Hi Rolando,

You'll need to remove the old blast datatypes from your datatypes_conf.xml file. If you haven't added any new datatypes manually yourself, you can copy the datatypes_conf.xml.sample file over of your datatypes_conf.xml file.

Also, in the future questions about local Galaxy instances should be sent to the galaxy-dev mailing list. 


Thanks for using Galaxy,

Dan


On Nov 12, 2012, at 10:31 PM, Rolando Mantilla wrote:

I'm having issues with the FASTQ_Groomer. What I have done it first I downloaded an SRA file created by an Ion torrent sequencer from the NCBI site.
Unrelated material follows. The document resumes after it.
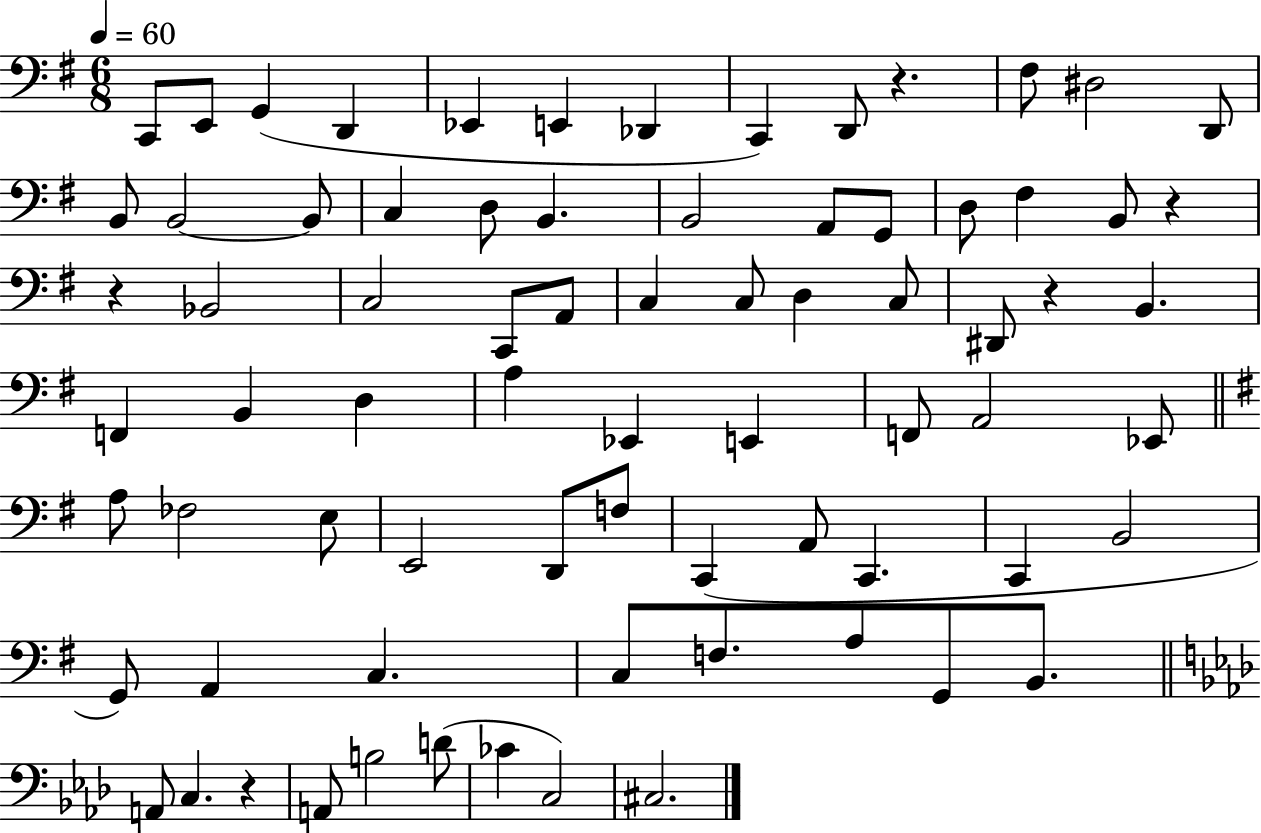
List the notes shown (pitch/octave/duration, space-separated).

C2/e E2/e G2/q D2/q Eb2/q E2/q Db2/q C2/q D2/e R/q. F#3/e D#3/h D2/e B2/e B2/h B2/e C3/q D3/e B2/q. B2/h A2/e G2/e D3/e F#3/q B2/e R/q R/q Bb2/h C3/h C2/e A2/e C3/q C3/e D3/q C3/e D#2/e R/q B2/q. F2/q B2/q D3/q A3/q Eb2/q E2/q F2/e A2/h Eb2/e A3/e FES3/h E3/e E2/h D2/e F3/e C2/q A2/e C2/q. C2/q B2/h G2/e A2/q C3/q. C3/e F3/e. A3/e G2/e B2/e. A2/e C3/q. R/q A2/e B3/h D4/e CES4/q C3/h C#3/h.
Then used the fastq-dump app from the NCBI site to covert the .sra file to .fastq file. When I uploaded the data into galaxy it recognized it as a fastq(as it should) but when I try to run the FASTQ groomer I get the message and warnings below. I also have already downloaded the the blast_datatypes tool from the tool_shed. I truly don't know what the issue is, any help
An error occurred running this job: Groomed 12376 sanger reads into sanger reads.                                                                                                                              WARNING:galaxy.datatypes.registry:Error loading datatype with extension 'blastxml': 'module' object has no attribute 'BlastXml'                  WARNING:galaxy.datatypes.registry:Overriding conflicting datatype with extension 'blastxml', using datatype from /mnt/galaxyData/tmp/tmpdP_cZ7.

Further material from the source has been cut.